For families all over Ohio, layoffs and business closings are immediate devastations that can't be placated by dreams of new green jobs. Bills have to be paid right now, and can't wait until some time in the future.

For others who are still working, there are the realities of fewer hours, wage cuts, and loss of benefits.

The unemployment rate surged to 9.7 percent in August, signaling that joblessness and financial anxiety were likely to endure in millions of American homes for many months. 217,000 net jobs were lost in August alone, and the White House warns that by the end of the year it will reach 10 percent or higher.

We can talk about green jobs till we're blue in the face, but that's not going to help families facing foreclosure right here and now, or medical emergencies with no health insurance, or a job.

The one thing that the advocates of green jobs fail to mention is the fact that hundreds of thousands of people will fall between the cracks before new green jobs could start up, and even then there is no carved in stone guarantee that these people would be put back to work. In the meantime it will be left to society to help them as best they can.

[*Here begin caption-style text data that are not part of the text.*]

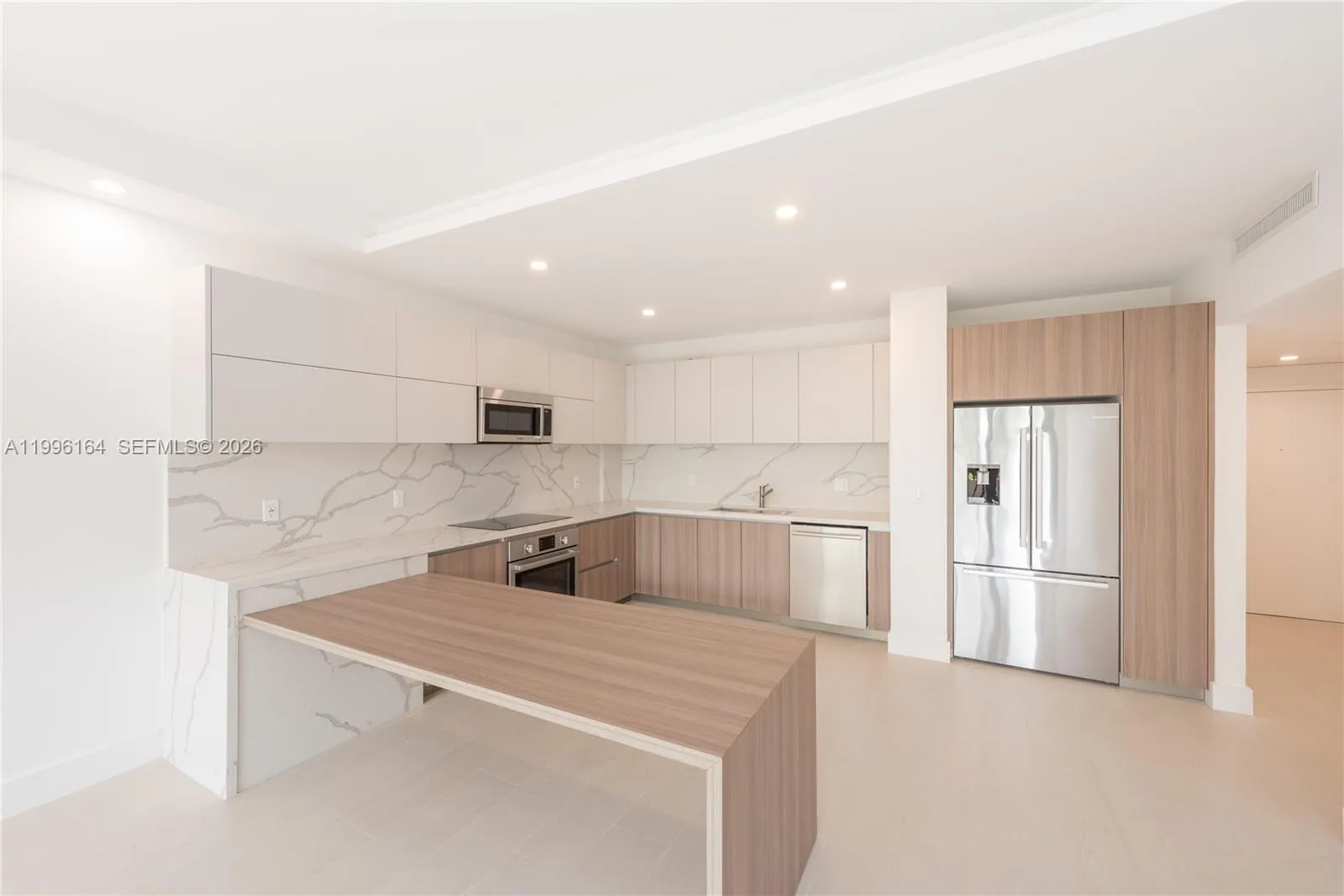 151 Crandon Blvd # 241, Key Biscayne FL 33149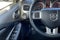 2017 Dodge Journey Crossroad FWD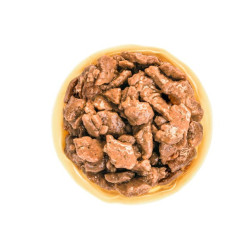 Royal Canin Mini Puppy, Cão, Húmidos, Cachorro, Alimento 2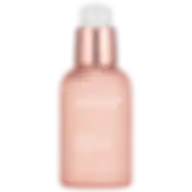 Medicube Triple Collagen Serum 1.85 Fl.oz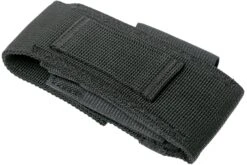 Leatherman Signal Coyote Pince Multifonction De Survie, étui En Nylon -Leatherman Soldes LE7000 COY 09 leatherman v202112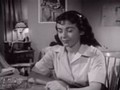 Old Fashioned Marriage Advice from Social Guidance Movie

And what of those who are nearing the age of typical retirement? What is to happen to them? Would an employer hire a 55 to 60 year old when there are thousands of younger people looking for work?

Ninety five percent of the new green jobs would require job retraining, and no employer is going to invest the time and money job retraining would cost on workers that would retire in five years.

So how are we to deal with those who will not or cannot benefit by the "new jobs" that would be created at a date as yet unknown.